> Task requirements: Retype the line with "DaizyRara - Porn" in it, then each line after it to the end of the data, word for word.

> Data records:
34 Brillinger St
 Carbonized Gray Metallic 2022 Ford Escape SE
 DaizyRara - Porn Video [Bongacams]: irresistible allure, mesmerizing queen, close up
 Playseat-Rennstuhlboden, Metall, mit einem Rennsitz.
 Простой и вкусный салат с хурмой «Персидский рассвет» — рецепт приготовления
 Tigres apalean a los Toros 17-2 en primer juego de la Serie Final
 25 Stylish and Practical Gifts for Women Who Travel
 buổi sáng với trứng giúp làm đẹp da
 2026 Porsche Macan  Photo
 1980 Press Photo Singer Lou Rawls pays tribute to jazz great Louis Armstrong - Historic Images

> Result for this task:
 DaizyRara - Porn Video [Bongacams]: irresistible allure, mesmerizing queen, close up
 Playseat-Rennstuhlboden, Metall, mit einem Rennsitz.
 Простой и вкусный салат с хурмой «Персидский рассвет» — рецепт приготовления
 Tigres apalean a los Toros 17-2 en primer juego de la Serie Final
 25 Stylish and Practical Gifts for Women Who Travel
 buổi sáng với trứng giúp làm đẹp da
 2026 Porsche Macan  Photo
 1980 Press Photo Singer Lou Rawls pays tribute to jazz great Louis Armstrong - Historic Images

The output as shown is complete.